Beginning with the line where "Styled by - @devs213" occurs, set down each line of the records through the final one, exactly and without additions.

START Records shown

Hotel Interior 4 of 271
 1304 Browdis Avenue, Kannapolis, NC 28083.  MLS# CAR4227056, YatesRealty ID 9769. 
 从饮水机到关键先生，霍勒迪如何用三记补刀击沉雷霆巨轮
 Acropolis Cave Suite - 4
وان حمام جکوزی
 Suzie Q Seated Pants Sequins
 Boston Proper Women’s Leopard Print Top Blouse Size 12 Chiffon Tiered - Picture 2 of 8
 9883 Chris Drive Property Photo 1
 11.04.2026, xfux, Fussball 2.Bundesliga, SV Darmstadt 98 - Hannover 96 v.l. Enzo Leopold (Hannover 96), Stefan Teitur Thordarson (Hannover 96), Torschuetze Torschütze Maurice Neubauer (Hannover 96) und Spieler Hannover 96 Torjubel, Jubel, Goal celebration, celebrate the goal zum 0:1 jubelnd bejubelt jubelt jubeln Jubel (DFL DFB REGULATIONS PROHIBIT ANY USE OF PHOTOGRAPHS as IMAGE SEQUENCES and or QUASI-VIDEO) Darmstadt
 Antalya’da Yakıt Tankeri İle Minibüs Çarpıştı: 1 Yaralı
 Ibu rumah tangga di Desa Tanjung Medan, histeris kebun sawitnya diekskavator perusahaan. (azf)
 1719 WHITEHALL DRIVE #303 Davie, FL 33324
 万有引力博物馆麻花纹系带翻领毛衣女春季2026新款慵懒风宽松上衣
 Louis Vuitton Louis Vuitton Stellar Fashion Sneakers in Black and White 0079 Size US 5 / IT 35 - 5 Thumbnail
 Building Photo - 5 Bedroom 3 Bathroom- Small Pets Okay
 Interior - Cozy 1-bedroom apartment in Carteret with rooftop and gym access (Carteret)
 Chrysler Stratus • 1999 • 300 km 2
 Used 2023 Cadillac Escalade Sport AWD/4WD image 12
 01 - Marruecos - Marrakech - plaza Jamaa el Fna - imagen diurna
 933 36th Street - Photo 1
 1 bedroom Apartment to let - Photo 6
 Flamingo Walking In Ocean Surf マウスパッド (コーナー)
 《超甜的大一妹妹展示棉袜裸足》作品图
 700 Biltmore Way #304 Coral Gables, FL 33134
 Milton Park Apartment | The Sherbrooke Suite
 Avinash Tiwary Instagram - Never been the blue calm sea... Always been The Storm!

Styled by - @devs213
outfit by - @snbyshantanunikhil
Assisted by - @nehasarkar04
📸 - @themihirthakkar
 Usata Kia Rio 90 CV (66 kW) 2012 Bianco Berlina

END Records shown

_Result:_
Styled by - @devs213
outfit by - @snbyshantanunikhil
Assisted by - @nehasarkar04
📸 - @themihirthakkar
 Usata Kia Rio 90 CV (66 kW) 2012 Bianco Berlina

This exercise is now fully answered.